Vasculhava, apático, Do Mar ao Rio, com sonetos de Luciano Maia,
quando encalhei num deles em castelhano – Cuerpo de Mujer, Blancas
Colinas.... Suspeitei que sua beleza se devesse ao idioma – “una luz conmovida”, “la luna se apresó como una esclava” – mas vi,
duas páginas antes, os mesmos versos em português, e eles me confirmaram estar
diante de um poeta. O interesse cresceu. Maia começa o excelente O Grito, de
Edvard Munch dizendo “A ponte aponta um céu doente” – e isso me remeteu
diretamente ao célebre quadro maior da angústia –, e ele encerra Fatvm, dedicado a Antonio Girão Barroso,
lembrando que “tua mágica escritura (...) perdura / nestes versos, dos teus
dessemelhantes / mas irmanados numa Dor Futura”. Isso – digo também rimando – parece-me
poesia pura.
As gotas caem de nuvens combalidas
e alagam tudo quanto eu pense ou diga.
Isso é ótimo.
A sucessão de pepitas mostra bem a mina de ouro a que o autor nos
conduz. Em Luar Avoengo, há outro belo encerramento:
E longe vai, repercutindo em nós
aquele tempo que findar não quis
e nos regressa às luas dos avós.
As breves descrições são maravilhosas. Veja, em Lua da Infância:
A telha vã do incerto casario
avermelhava o próximo horizonte
(...)
sonho e clarão cresciam numa ponte
(...)
Brilhos de pirilampos e bruxedo
velam-me agora o sono de criança
na alta noite sonhando o sol mais cedo.
Outro poema em espanhol.
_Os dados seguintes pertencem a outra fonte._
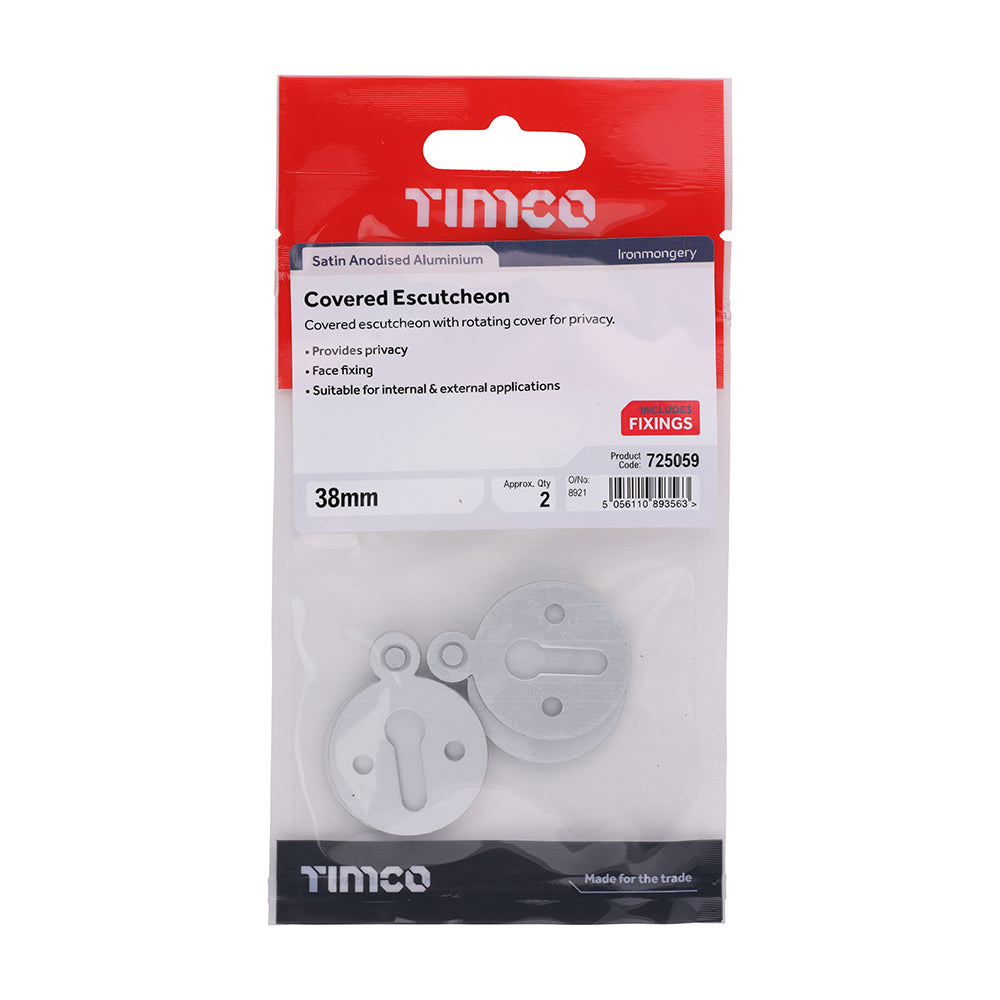 This is an image showing TIMCO Covered Escutcheon - Satin Anodised Aluminium - 38mm - 2 Pieces TIMpac available from T.H Wiggans Ironmongery in Kendal, quick delivery at discounted prices.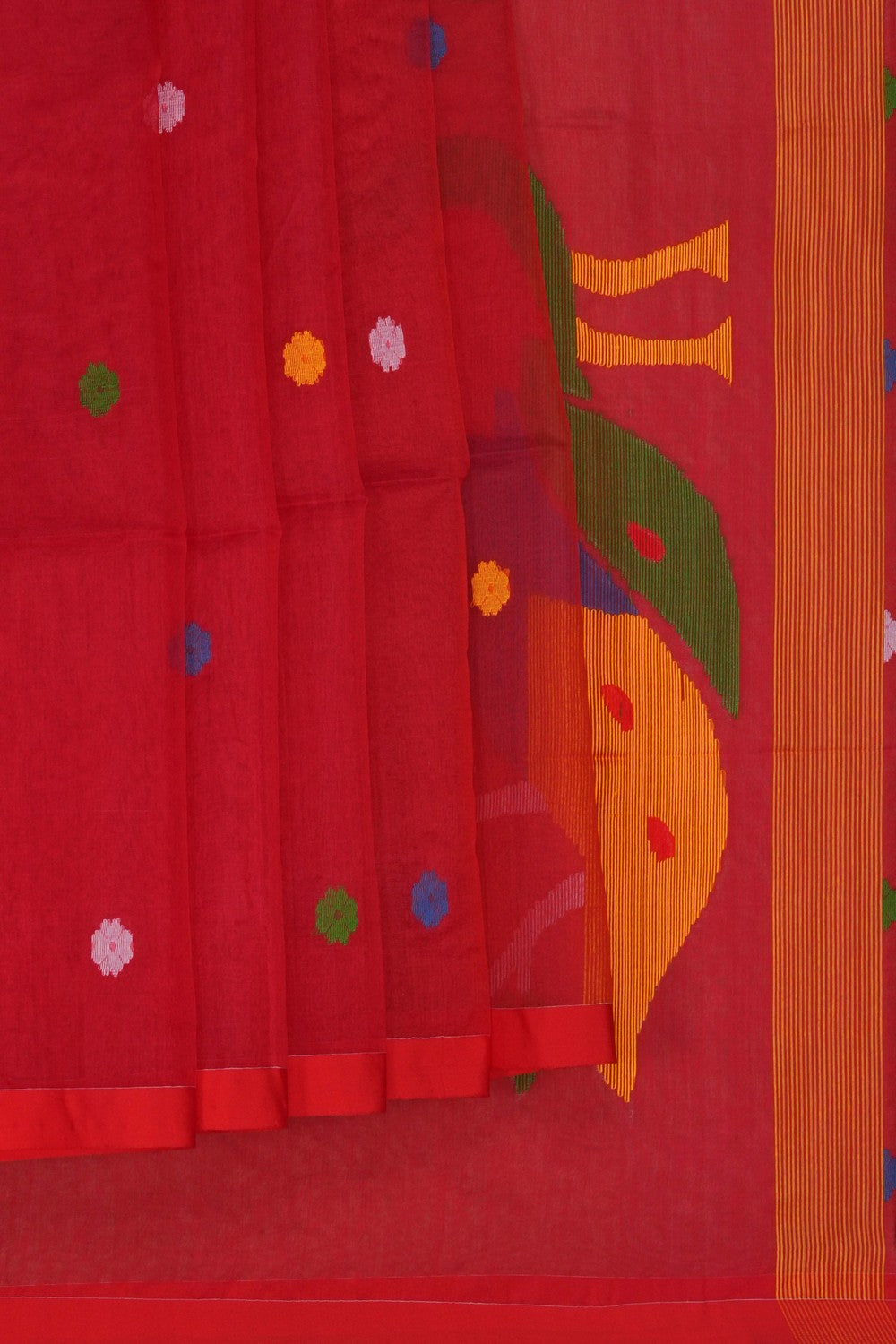 Image of Red Kora Saree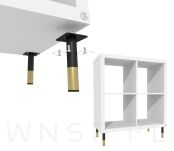 Nogi stalowe okrągłe 12,6 cm, zestaw nóg z wkrętami, czarne matowe + złoto - 10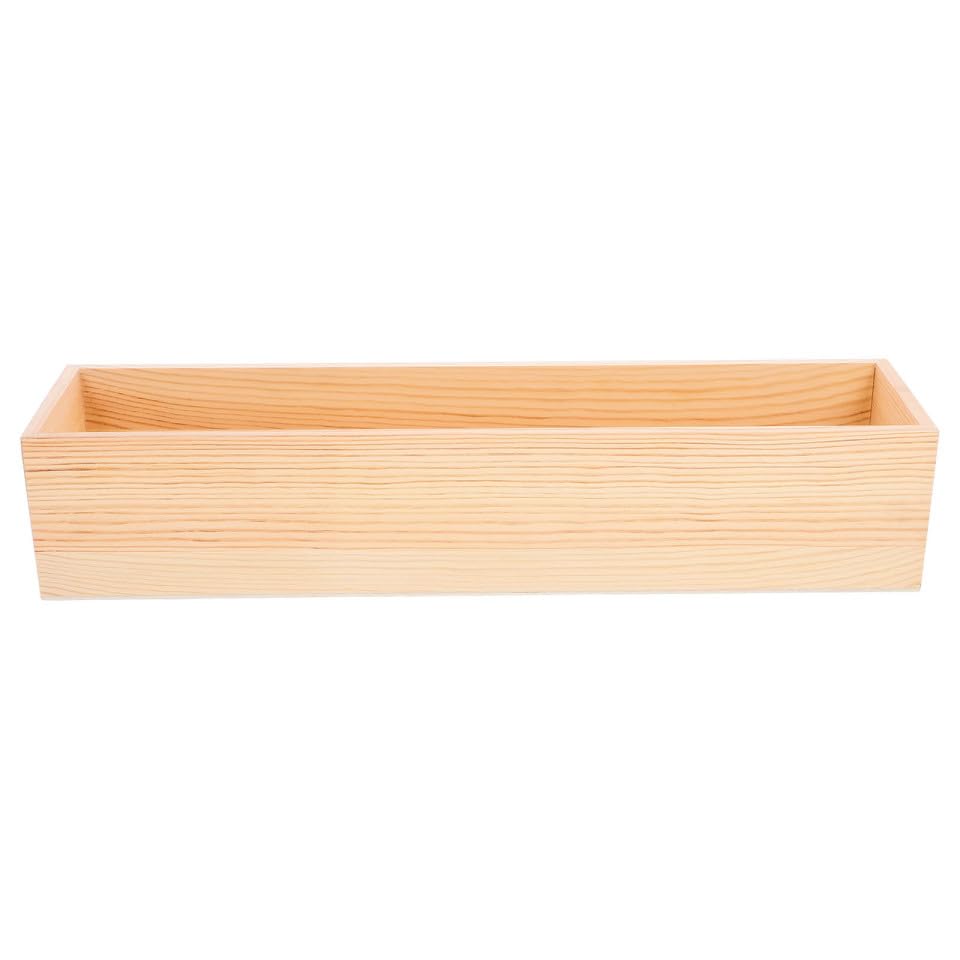 MUCKLILY Wooden Storage Box No Lid Small Organizer Box for Home Office Craft Storage Container Plain Wooden for Desktop Jewelry Display 15.75 X 3.94 X 3.07 in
Olhe que abertura:
El viento de los paramos lejanos
lleva hacia otros mares y llanuras
las sílabas de España.
E o belo contraste com llanuras, na rima:
(...) Guerras y cantos, hechos castellanos
sostuvieron la lengua en las alturas.
O resultado me lembra o prazer – numa época em que as
artes, todas, experimentaram de tudo, até do nada – que me traz o encontro, aqui e ali, de um pintor acadêmico dos
bons, numa bela feira de antiguidades, com seus retratos e paisagens
primorosos. “Noites destrancadas”, “o azul das suas falas”, “Já naveguei
além do Cabo Não. / Em troca do talvez busquei um sim”, “o dia se retira, como
um monge”, “Será por ser do só, por ser do sem?”, “homem exilado do ancestral
menino. / Pois de mim mesmo sinto-me banido”.
Muito bom.
Que você prossiga daqui: o livro tem cento e setenta e cinco sonetos.